My dad has a woodworking shop in his basement, and I asked if we could make a saya for the Yu Kurosaki nakiri I bought off BST earlier this year. This is the result from three pieces of maple. We didn’t have a blueprint, just figured it out as we went using all the tools -- miter saw, table saw, band saw, jointer, planer, drill press…

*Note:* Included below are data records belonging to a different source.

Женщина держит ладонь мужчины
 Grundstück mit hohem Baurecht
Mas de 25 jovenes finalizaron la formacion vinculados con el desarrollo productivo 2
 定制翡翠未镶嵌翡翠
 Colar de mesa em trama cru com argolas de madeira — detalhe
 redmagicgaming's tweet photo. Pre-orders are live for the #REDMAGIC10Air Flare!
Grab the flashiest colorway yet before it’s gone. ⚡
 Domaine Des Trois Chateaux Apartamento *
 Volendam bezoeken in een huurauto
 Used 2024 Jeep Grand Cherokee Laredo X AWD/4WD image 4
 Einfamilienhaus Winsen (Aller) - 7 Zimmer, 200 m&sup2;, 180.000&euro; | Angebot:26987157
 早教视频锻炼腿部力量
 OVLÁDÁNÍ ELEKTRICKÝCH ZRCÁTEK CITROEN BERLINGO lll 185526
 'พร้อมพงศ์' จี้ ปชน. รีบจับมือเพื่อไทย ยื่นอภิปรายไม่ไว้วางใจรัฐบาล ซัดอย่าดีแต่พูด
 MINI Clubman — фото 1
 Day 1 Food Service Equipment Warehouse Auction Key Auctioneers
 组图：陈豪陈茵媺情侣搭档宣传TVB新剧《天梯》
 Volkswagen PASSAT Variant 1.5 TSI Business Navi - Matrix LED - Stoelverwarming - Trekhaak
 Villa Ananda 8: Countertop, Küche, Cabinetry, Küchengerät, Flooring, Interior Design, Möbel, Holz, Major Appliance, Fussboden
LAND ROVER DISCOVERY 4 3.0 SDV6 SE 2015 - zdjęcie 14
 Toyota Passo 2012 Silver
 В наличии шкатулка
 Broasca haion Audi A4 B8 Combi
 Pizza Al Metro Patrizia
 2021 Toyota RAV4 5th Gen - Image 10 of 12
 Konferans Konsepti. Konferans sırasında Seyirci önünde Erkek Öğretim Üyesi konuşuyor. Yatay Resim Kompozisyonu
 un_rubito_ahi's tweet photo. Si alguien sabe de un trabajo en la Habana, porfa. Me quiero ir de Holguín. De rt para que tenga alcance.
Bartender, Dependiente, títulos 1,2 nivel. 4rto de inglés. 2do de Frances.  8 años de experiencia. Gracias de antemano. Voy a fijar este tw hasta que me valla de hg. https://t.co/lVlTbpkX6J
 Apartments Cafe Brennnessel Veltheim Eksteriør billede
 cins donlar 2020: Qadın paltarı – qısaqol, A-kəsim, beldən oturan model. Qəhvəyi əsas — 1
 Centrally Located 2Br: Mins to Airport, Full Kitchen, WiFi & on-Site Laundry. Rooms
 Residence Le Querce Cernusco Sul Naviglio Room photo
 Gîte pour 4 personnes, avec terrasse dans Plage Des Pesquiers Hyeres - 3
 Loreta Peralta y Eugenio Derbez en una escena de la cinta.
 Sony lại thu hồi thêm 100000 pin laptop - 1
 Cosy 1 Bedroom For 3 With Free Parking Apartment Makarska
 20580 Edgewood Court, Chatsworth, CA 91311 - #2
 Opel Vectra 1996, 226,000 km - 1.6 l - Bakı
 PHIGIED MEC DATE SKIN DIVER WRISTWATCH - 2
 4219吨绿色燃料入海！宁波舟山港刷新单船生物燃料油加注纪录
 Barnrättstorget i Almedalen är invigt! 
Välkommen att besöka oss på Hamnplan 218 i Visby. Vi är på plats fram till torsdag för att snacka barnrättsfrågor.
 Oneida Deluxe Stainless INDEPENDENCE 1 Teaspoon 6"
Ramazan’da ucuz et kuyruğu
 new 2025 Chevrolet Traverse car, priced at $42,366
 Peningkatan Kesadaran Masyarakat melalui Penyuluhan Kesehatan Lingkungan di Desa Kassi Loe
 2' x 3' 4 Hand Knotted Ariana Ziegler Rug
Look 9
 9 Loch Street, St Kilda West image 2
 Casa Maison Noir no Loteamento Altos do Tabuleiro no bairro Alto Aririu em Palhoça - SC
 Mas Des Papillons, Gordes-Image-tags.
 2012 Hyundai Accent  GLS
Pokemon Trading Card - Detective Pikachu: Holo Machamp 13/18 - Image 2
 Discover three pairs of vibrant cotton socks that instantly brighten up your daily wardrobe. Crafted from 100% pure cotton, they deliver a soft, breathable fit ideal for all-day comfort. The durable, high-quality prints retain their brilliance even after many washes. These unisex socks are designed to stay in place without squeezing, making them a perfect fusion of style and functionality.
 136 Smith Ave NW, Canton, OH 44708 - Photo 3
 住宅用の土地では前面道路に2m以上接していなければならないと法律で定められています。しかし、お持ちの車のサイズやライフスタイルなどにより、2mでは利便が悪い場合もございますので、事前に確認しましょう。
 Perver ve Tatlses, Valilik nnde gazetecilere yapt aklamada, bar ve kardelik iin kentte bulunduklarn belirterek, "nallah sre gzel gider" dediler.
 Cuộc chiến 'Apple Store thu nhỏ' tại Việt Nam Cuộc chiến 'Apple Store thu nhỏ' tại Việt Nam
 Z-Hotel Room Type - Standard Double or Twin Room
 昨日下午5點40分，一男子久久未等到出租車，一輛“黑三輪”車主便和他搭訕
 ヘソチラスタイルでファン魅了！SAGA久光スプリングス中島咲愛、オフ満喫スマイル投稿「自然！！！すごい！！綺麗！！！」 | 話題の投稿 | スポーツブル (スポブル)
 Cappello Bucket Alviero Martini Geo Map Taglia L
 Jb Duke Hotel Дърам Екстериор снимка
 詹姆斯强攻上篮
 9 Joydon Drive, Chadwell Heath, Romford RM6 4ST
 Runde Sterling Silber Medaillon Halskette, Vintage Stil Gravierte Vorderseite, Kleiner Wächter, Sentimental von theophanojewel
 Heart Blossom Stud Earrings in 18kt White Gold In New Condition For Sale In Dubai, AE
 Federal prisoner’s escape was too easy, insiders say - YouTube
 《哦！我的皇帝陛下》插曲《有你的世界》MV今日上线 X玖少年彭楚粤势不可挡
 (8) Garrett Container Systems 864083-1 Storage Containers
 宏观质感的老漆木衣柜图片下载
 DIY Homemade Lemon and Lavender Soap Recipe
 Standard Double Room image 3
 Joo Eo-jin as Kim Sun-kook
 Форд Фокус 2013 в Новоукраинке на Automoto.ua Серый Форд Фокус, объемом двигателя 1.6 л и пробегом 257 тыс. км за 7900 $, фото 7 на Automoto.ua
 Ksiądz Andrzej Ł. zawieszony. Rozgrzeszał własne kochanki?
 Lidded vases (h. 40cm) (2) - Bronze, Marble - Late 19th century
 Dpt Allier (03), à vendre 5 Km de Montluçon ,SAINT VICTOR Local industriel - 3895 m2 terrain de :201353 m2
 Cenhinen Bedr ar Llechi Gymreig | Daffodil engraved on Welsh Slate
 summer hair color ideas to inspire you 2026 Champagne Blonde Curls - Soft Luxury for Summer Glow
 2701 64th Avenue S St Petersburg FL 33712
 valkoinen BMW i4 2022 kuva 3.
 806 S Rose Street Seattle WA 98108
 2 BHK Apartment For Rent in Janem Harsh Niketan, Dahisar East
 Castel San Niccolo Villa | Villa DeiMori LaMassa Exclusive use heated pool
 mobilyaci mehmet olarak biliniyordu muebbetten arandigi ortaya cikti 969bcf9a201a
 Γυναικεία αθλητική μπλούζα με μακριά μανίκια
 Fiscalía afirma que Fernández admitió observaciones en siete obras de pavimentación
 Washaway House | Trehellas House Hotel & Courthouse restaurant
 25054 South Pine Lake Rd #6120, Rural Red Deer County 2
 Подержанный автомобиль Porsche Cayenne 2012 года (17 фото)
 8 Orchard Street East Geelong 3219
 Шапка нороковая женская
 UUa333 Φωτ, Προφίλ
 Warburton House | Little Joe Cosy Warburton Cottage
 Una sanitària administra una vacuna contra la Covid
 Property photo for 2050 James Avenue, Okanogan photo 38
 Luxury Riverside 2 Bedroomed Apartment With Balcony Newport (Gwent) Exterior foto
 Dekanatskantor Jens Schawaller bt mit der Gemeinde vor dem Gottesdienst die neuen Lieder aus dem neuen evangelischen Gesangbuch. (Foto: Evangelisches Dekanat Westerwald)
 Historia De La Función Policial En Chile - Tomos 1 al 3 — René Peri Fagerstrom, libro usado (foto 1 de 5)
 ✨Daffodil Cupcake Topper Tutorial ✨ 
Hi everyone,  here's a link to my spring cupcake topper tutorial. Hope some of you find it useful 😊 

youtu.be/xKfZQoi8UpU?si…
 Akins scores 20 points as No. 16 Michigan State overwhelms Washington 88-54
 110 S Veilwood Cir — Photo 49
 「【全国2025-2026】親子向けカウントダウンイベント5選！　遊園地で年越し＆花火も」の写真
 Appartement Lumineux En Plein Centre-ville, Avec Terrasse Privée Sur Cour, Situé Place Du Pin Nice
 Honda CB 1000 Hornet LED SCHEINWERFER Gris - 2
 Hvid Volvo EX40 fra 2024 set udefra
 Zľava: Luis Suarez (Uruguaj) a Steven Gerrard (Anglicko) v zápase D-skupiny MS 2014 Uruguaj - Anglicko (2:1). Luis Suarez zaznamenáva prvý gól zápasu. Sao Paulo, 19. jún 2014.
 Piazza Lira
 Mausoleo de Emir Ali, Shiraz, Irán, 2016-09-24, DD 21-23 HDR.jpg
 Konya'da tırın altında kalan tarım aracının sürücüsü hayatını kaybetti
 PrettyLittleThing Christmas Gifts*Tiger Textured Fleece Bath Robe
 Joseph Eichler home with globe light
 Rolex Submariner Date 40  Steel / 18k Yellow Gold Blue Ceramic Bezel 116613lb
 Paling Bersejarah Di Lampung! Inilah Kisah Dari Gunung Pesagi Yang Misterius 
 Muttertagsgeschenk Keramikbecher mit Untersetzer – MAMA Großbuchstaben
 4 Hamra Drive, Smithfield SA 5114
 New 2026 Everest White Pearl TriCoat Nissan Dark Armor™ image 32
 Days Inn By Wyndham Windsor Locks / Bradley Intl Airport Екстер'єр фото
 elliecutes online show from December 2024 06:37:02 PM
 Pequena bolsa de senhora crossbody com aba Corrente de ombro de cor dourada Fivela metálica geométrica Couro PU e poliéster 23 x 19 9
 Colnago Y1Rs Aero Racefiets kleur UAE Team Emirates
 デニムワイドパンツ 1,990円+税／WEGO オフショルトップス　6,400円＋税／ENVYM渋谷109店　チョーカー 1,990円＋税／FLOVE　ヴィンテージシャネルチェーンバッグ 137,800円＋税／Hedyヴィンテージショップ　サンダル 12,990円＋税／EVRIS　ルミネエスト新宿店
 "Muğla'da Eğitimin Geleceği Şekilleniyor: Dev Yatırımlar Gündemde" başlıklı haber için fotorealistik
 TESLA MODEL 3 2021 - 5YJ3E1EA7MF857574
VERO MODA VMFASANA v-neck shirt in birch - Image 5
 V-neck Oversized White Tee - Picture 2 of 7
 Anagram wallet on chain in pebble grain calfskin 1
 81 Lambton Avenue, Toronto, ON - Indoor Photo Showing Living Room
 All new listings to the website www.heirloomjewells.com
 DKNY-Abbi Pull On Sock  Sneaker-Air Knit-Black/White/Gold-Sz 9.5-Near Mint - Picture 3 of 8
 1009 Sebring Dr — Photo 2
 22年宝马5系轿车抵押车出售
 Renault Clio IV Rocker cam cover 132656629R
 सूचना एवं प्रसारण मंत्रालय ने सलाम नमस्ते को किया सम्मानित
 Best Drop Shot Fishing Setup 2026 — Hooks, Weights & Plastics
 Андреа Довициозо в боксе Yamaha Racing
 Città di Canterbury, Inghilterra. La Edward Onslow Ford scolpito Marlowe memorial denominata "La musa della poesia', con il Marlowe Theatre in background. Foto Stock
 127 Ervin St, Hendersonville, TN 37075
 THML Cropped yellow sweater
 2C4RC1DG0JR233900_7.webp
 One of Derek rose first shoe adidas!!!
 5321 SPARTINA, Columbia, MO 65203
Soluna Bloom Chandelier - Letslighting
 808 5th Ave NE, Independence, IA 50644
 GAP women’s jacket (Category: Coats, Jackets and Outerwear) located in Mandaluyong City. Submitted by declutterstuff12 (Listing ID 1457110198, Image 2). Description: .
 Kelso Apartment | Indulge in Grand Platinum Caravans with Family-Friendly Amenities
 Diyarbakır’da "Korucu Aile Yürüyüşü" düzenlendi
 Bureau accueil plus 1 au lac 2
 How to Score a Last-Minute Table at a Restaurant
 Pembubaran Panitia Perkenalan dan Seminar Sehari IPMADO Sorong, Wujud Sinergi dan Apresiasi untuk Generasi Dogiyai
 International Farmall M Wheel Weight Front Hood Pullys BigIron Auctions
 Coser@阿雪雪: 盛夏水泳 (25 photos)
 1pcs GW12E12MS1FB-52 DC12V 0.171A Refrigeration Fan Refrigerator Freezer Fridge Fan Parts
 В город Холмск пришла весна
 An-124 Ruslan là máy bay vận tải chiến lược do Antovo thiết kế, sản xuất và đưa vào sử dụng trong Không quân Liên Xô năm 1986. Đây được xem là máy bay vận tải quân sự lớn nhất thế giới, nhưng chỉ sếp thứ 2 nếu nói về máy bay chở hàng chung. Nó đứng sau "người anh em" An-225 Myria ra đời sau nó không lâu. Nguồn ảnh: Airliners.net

Two questions for anyone with more saya making experience:
- How do you make these from two pieces instead of three (no glued on third piece to close the gap at the point end of the blade)?
- And how do you make rounded cuts for other knife shapes instead of a rectangle like mine?

Any help is appreciated!


----------



## deltaplex (Aug 23, 2022)

1) Two pieces of flat stock and chisel out the pocket for the blade
2) band saw or rough cut on a miter saw and sand to desired shape

Or a bevy of other ways...


----------



## birdsfan (Aug 23, 2022)

The timing of your question is perfect, as I am about to start a 2 piece saya tomorrow. I will take some WIP pics along the way and post them here. I should have prefaced by saying that I am not a professional saya maker, nor do I play one on TV. I have stumbled on my technique through trial and (significan) error. That said, my methods work for me, your mileage may vary...


----------



## ENK (Aug 23, 2022)

birdsfan said:


> The timing of your question is perfect, as I am about to start a 2 piece saya tomorrow. I will take some WIP pics along the way and post them here. I should have prefaced by saying that I am not a professional saya maker, nor do I play one on TV. I have stumbled on my technique through trial and (significan) error. That said, my methods work for me, your mileage may vary...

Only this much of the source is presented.